> _Directions_:
Make an exact copy of the records that follow, with each picture omitted.

> _Supplied records_:
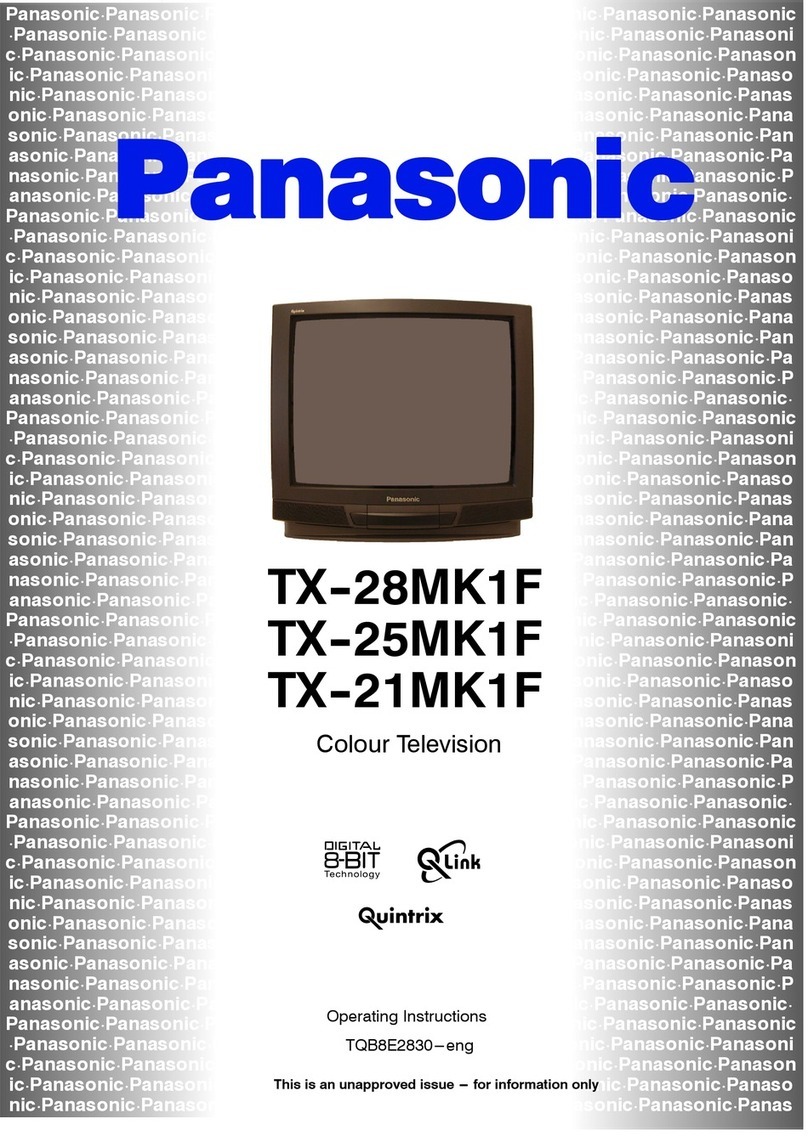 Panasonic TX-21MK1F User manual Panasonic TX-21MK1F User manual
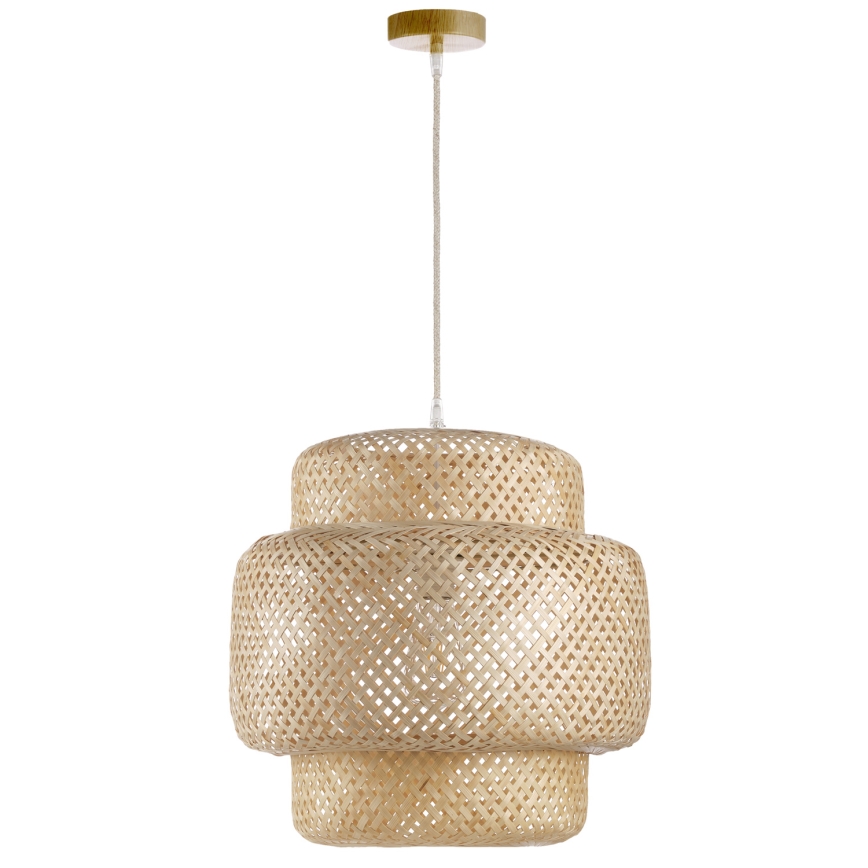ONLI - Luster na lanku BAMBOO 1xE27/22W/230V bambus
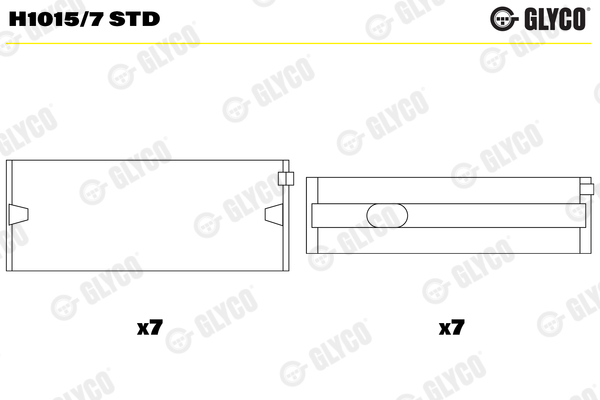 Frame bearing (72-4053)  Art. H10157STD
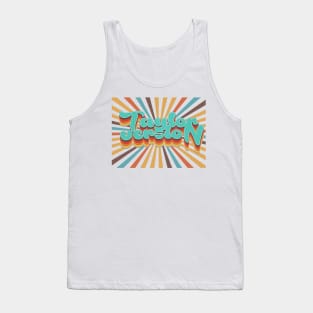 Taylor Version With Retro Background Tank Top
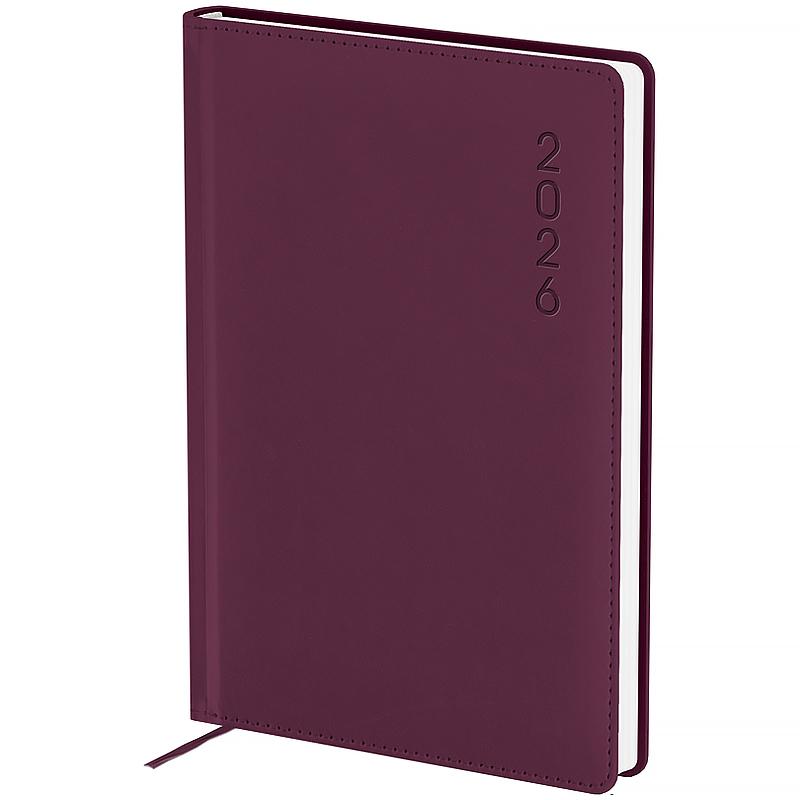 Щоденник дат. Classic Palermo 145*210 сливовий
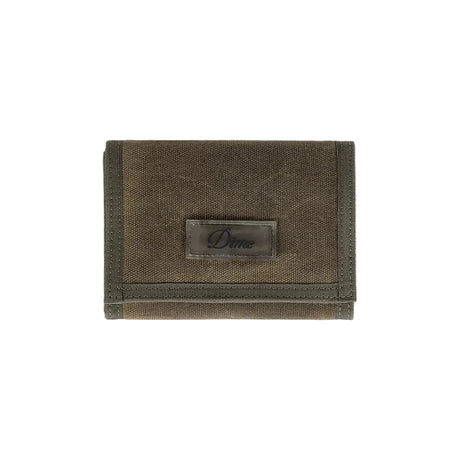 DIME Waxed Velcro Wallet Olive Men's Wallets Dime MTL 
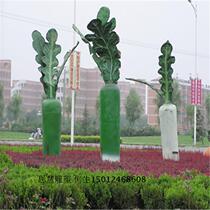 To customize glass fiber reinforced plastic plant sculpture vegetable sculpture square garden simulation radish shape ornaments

> _Task solution_:
 Panasonic TX-21MK1F User manual Panasonic TX-21MK1F User manual
ONLI - Luster na lanku BAMBOO 1xE27/22W/230V bambus
 Frame bearing (72-4053)  Art. H10157STD
 Taylor Version With Retro Background Tank Top
 Щоденник дат. Classic Palermo 145*210 сливовий
 DIME Waxed Velcro Wallet Olive Men's Wallets Dime MTL 
 To customize glass fiber reinforced plastic plant sculpture vegetable sculpture square garden simulation radish shape ornaments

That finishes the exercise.